И особенно мы должны избегать вторжения других в нашу личность. Всякий посторонний интерес к нам – это грубая нетактичность. Все, переходящее границы обычного приветствия – как поживаете? – будучи непростительной дерзостью, является, вообще, вещью, совершенно пустой и неискренней.
– Любить – утомление от одиночества: следовательно, это некое малодушие, измена нам самим (из этого следует надменное требование – чтобы мы не любили).
– Давать хорошие советы – значит, не уважать право на ошибку, что Бог дал другим. И время от времени чужие действия должны иметь то преимущество, чтобы они не являлись также и нашими. Понятно было бы, если бы просили советов у других только в одном случае – чтобы знать хорошо, как поступить наоборот, ведь мы является полностью нами, в достаточном несогласии с Чужеродным.
– Единственное преимущество учения – наслаждаться тем, что о стольких вещах другие не говорили.
– Искусство – это некая изоляция. Каждый художник должен стараться изолировать других, нести в их души желание оставаться в одиночестве. Высший триумф художника – когда, имея дело с его работами, читатель предпочитает их иметь, но не читать их. Не потому, что так случалось бы с посвященными, но потому, что это – самая большая дань […]
– Быть ясным и быть не расположенным к себе самому. Подлинное состояние духа в отношении взгляда внутрь самого себя – это состояние… того, кто смотрит на нервозность и нерешительность.
– Единственная умственная установка, достойная божественного создания, – это спокойное и холодное сочувствие всему, что не есть он сам. Не то чтобы эта установка несла бы на себе минимальный отпечаток беспристрастности и истины; но она так завидна, что надо ее иметь.
Миллиметры (ощущения от мельчайших вещей)
Так как все настоящее является давно устаревшим, потому что все существовавшее было настоящим, я испытываю к вещам, поскольку они принадлежат настоящему, нежность антиквара и горячность коллекционера – последователя, для кого у меня отнимаются мои ошибки по поводу этих вещей и заменяются благоразумными и даже правильными объяснениями, умными и обоснованными.
Разнообразные положения, какие летающая бабочка последовательно принимает в пространстве, являются, для моих очарованных глаз, разнообразными вещами, зрительно остающимися в пространстве. Мои воспоминания – такие же живые, как…
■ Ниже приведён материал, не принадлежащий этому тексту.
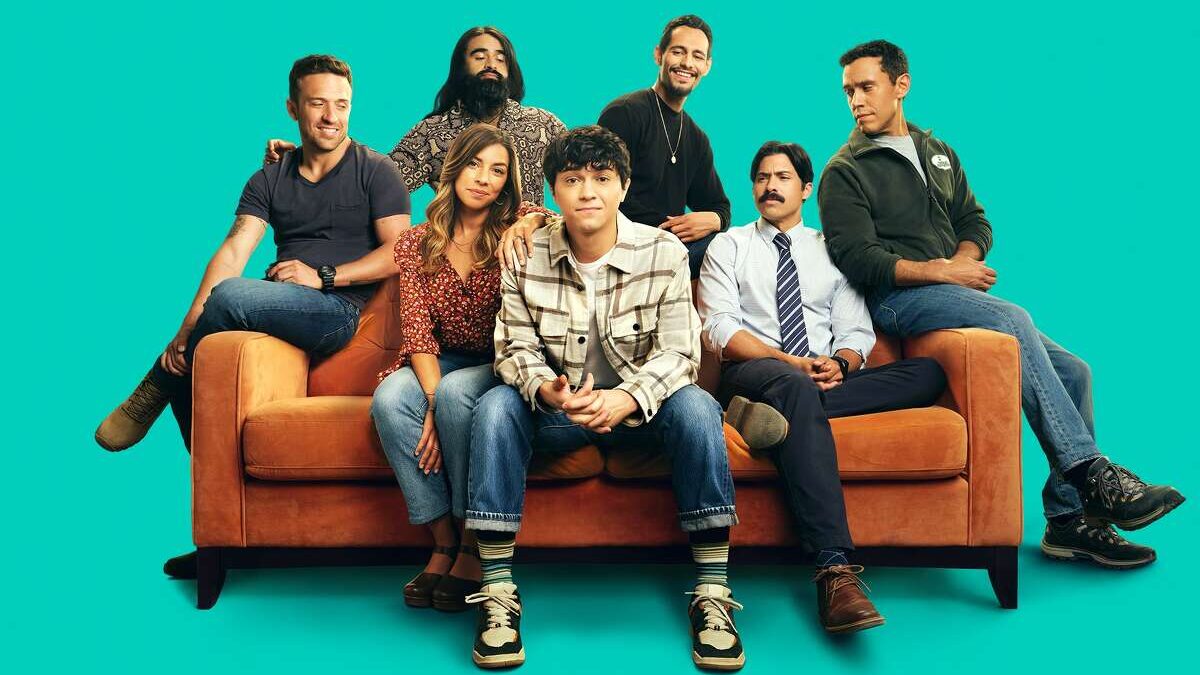 Freevee’s TV Series ‘Primo’: A Reflection Of Growing up San Antonian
Но только минимальные ощущения, и от вещей самых мельчайших, есть то, что я переживаю интенсивно. Должно быть, это из-за моей любви к ничтожному – так со мной бывает. А может быть, так случается из-за моей добросовестности к деталям. Но думаю, что, скорее, – не знаю этого наверняка, и никогда не анализирую подобные вещи – так происходит потому, что минимальное, не имея абсолютно никакой важности, ни в социальном, ни в практическом отношении, имеет, именно вследствие простого отсутствия этого, некоторую абсолютную независимость от грязных ассоциаций с действительностью. Минимальное мне представляется нереальным. Бесполезное и прекрасное, поскольку оно менее реально, чем полезное, что продолжается и продлевается, в то время как чудесное ничтожное, славное бесконечно малое остается там же, где есть, не выходя за рамки того, чем оно является, живет, свободное и независимое. Бесполезное и ничтожное открывает в нашей жизни действительные промежутки жалкой эстетики. Сколько же мечтаний и нежных радостей вызывает в моей душе простое и ничтожное существование булавки, воткнутой в ленту! Жаль того, кто не знает важности этих вещей!
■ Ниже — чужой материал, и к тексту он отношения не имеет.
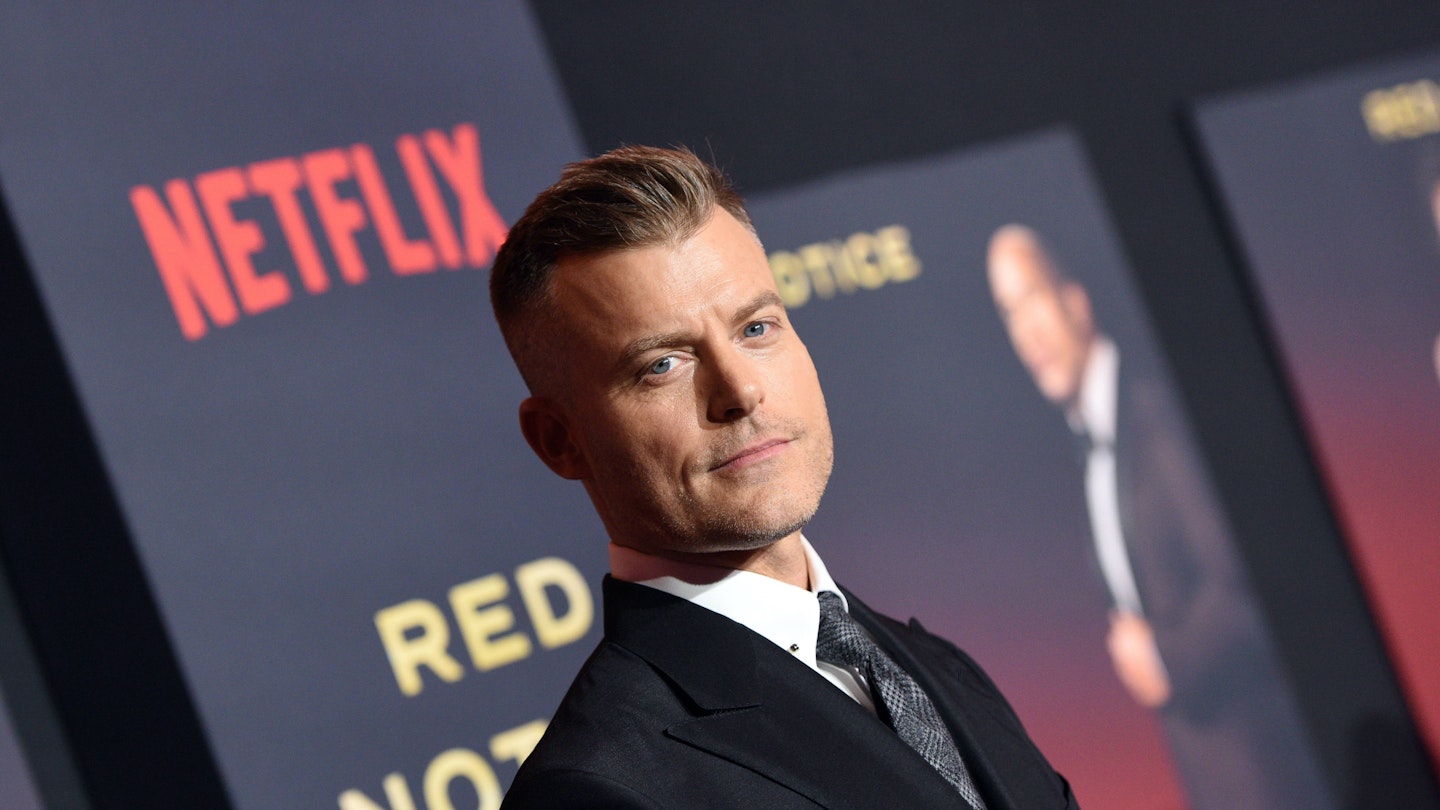 Rawson Marshall Thurber News & Biography - Empire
Потом, между ощущениями, что причиняют сильную боль, даже будучи приятными, непокой тайны – одно из наиболее сложных и обширных. И тайна никогда не просвечивает так четко, как при созерцании крохотных вещей, какие, если не двигаются, являются совершенно прозрачными для нее, какие останавливаются, чтобы позволить ей пройти. Труднее чувствовать тайну, созерцая какое-то сражение, и все же думать о том, как абсурдна ситуация – люди, и их общества, и сражения между ними, все это существует, чтобы можно было шире развернуть мысленное знамя победы над тайной, – чем размышлять, созерцая маленький неподвижный камень на дороге, так как тогда ничто не провоцирует заглядывать за существующее, поэтому, если мы продолжим размышлять, то у нас не может возникнуть никакой другой идеи, кроме того, чтобы немедленно за этим начать думать о тайне его существования.
Благословенны будьте, мгновения, и миллиметры, и тени маленьких вещей, еще более ничтожные, чем они сами! Мгновения… Миллиметры – какое впечатление чуда и бесстрашия производит на меня ваше существование рядом и очень близко друг к другу на измерительной рулетке. Порою страдаю из-за подобных вещей и наслаждаюсь ими. У меня даже возникает некая неотесанная гордость по этому поводу.
Я – фотографическая пленка, очень чувствительная. Все детали отпечатываются на мне непропорционально, чтобы составить часть какого-то целого. Я занят лишь собой. Внешний мир является для меня, всегда и очевидно, впечатлением. Я никогда не забываю о том, что чувствую.
В лесу отчуждения
Я знал, что проснулся и что еще дремлю. Мое бывшее тело, утомленное от моей жизни, говорит мне, что еще очень рано… Ощущаю себя возбужденным чем-то далеким. Я угнетен, не зная почему…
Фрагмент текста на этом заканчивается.